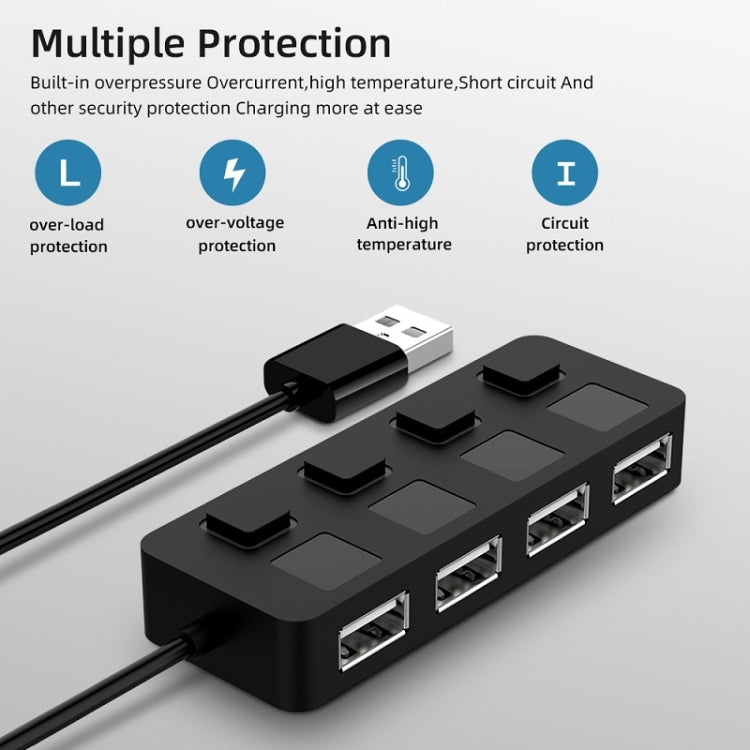 4 Ports USB 2.0 HUB with 4 Switch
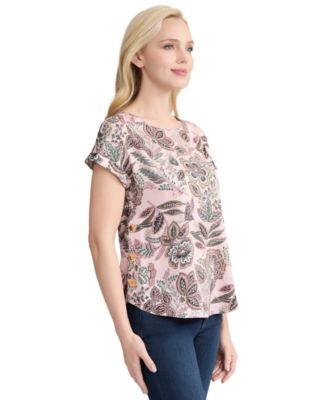 Women's Printed Short-Sleeve Button Detail Blouse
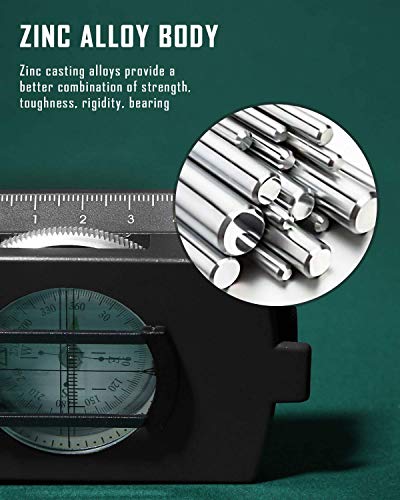 Multifunctional Tactical Survival Military Compass - Black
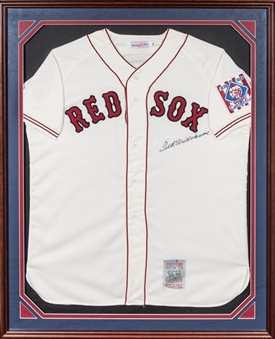 Ted Williams Signed Boston Red Sox Cooperstown Mitchell & Ness Jersey in 34x42 Framed Display (JSA)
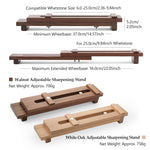 XINZUO Adjustable Solid Wood Whetstone Sharpening Stand, Extendable Walnut & White Oak Sharpening Holder for Kitchen Knife Sharpening, Sink Mount Stable Sharpening Support Stand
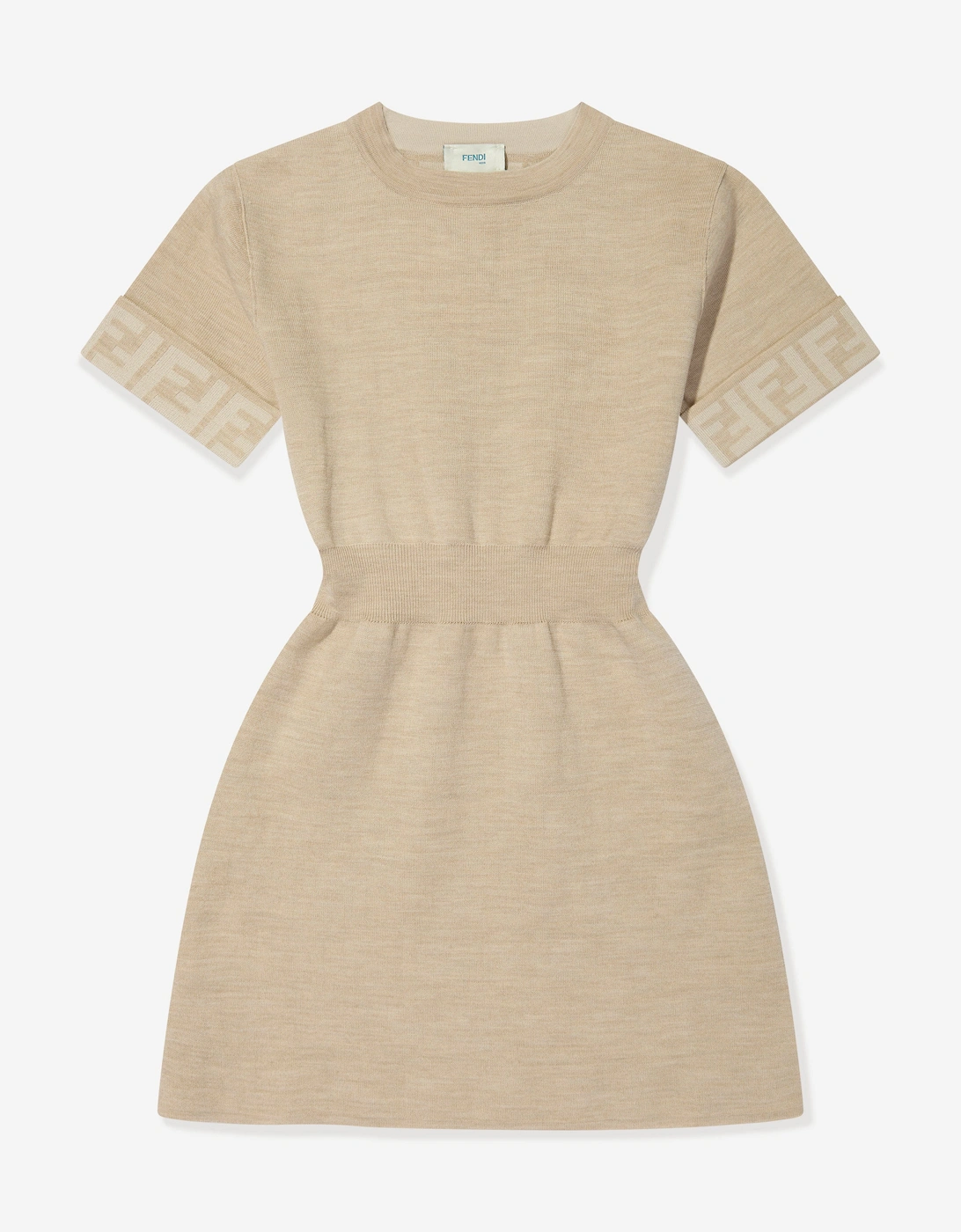 Girls Knitted FF Logo Dress in Brown, 5 of 4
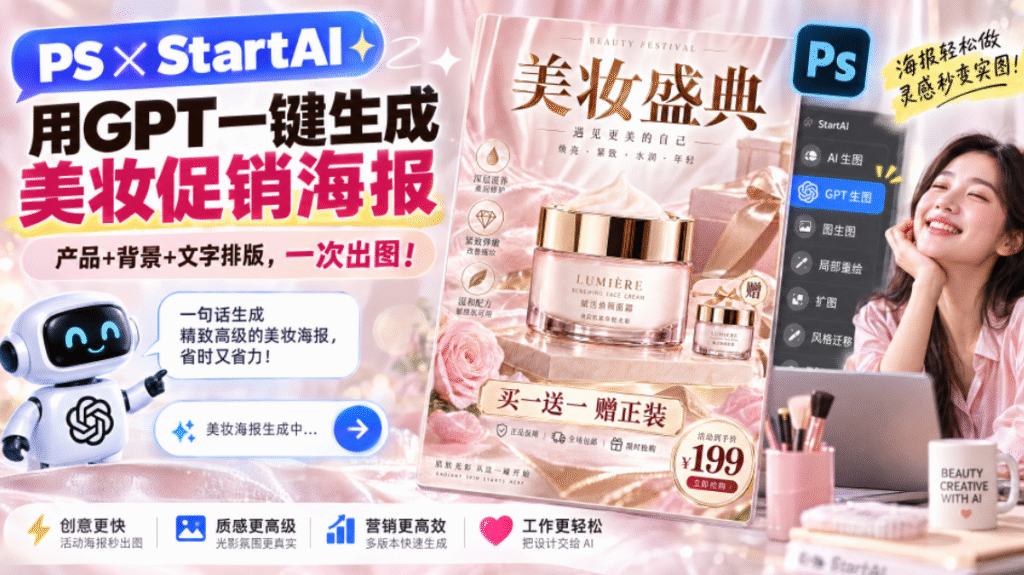 PS×StartAI 美妆海报教程封面图，主标题 “用 GPT 一键生成美妆促销海报，产品 + 背景 + 文字排版，一次出图”，右侧展示成品竖版美妆盛典面霜促销海报，搭配 StartAI 插件功能面板示意、人物与美妆工具元素；左侧 AI 机器人对话框标注一句话生成高级美妆海报，底部标注四大优势：创意更快、质感更高级、营销更高效、工作更轻松，适合抖音 AI 设计教程封面。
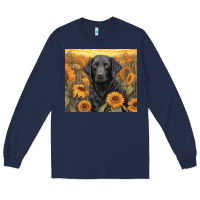 Navy black lab Long Sleeve Tee - Unal Design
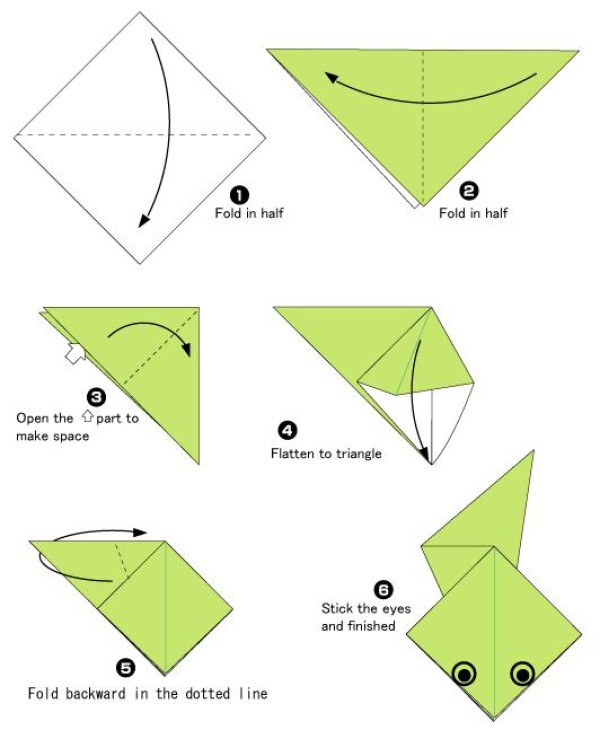 Simple origami frog origami tutorial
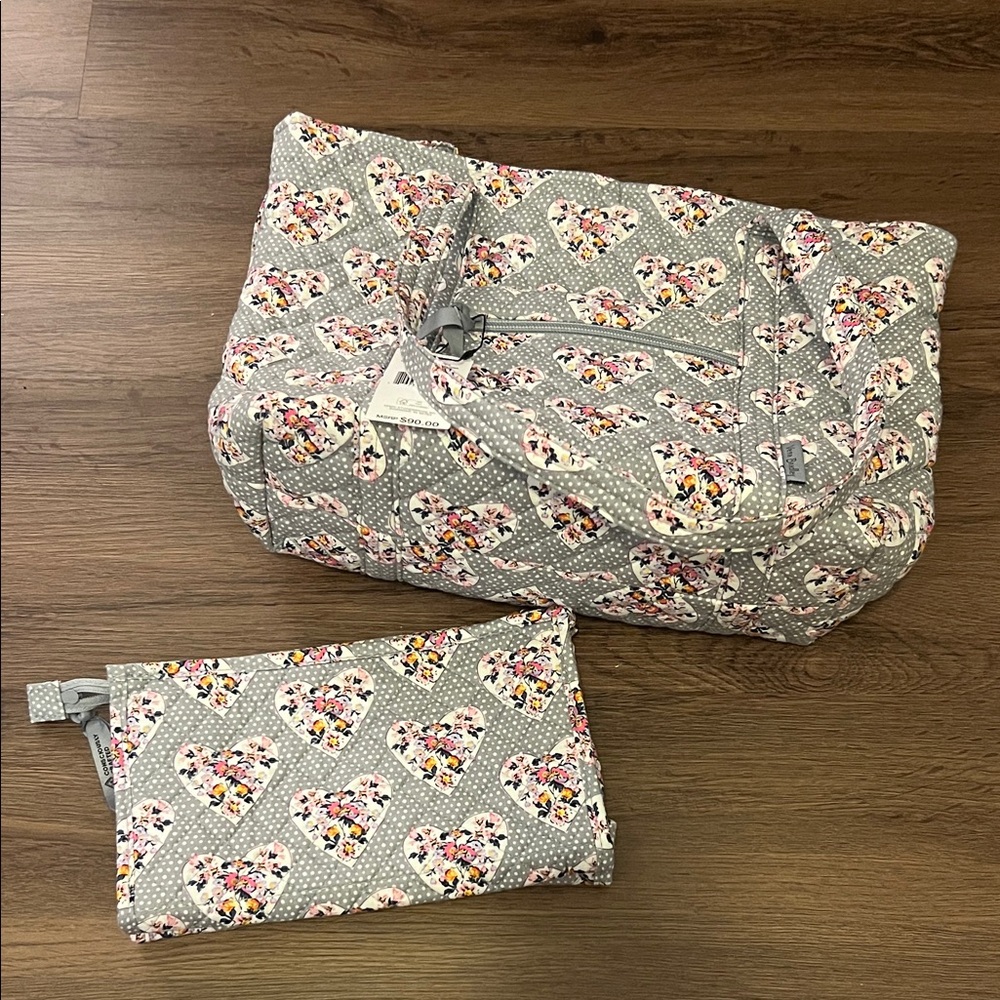 Vera Bradley Gray Floral Heart Tote - Picture 5 of 7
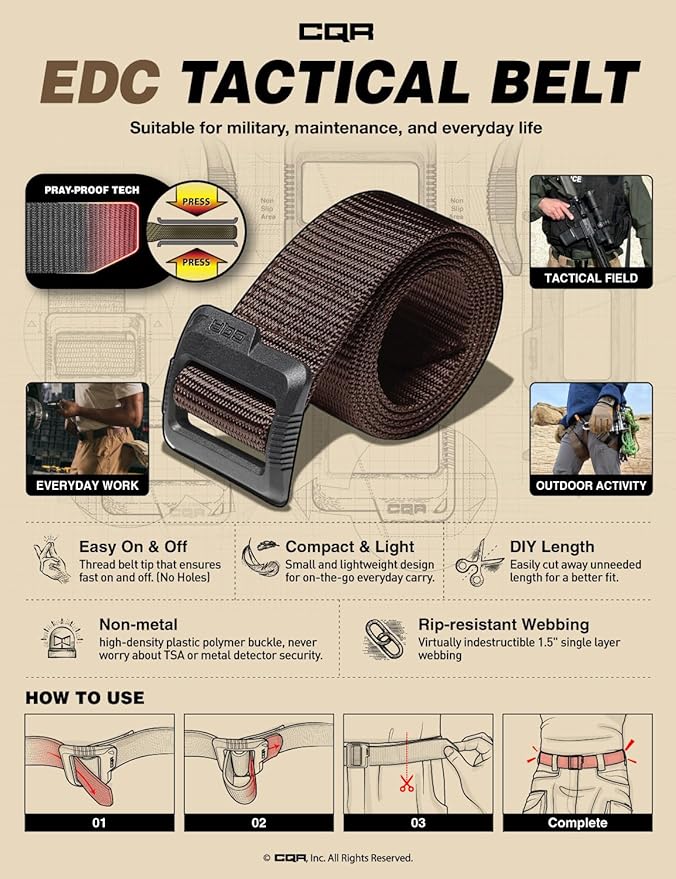 CQR Tactical Belt, Military Style Heavy Duty Belt, Webbing EDC Quick-Release Buckle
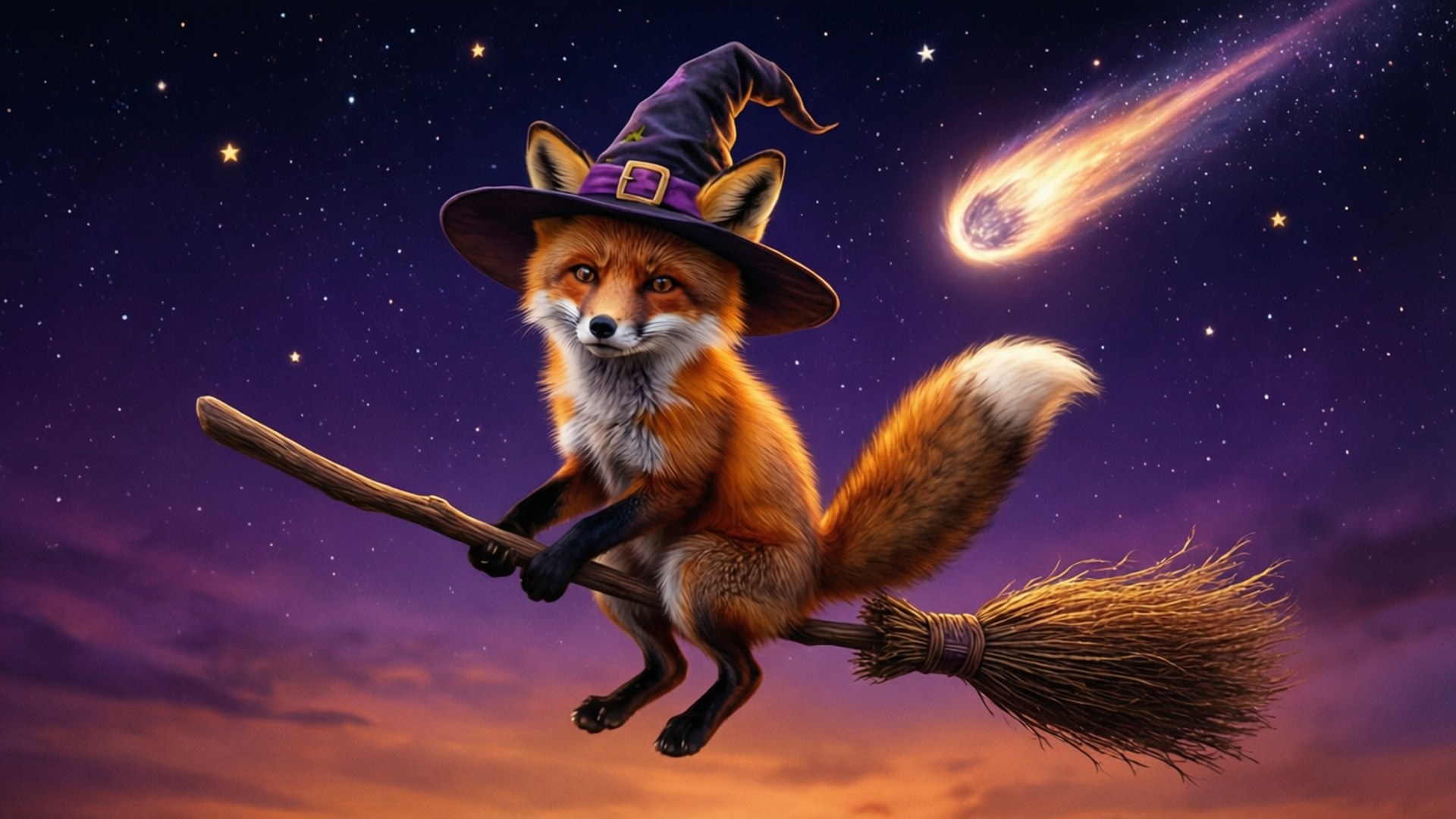 Zorro Brujo en Escoba Fondos de pantalla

What is required: Leaving every picture behind, retype the entries above exactly, from the first line through the line with "XINZUO Adjustable Solid", and stop there.

Solution below:
 4 Ports USB 2.0 HUB with 4 Switch
 Women's Printed Short-Sleeve Button Detail Blouse
 Multifunctional Tactical Survival Military Compass - Black
 Ted Williams Signed Boston Red Sox Cooperstown Mitchell & Ness Jersey in 34x42 Framed Display (JSA)
 XINZUO Adjustable Solid Wood Whetstone Sharpening Stand, Extendable Walnut & White Oak Sharpening Holder for Kitchen Knife Sharpening, Sink Mount Stable Sharpening Support Stand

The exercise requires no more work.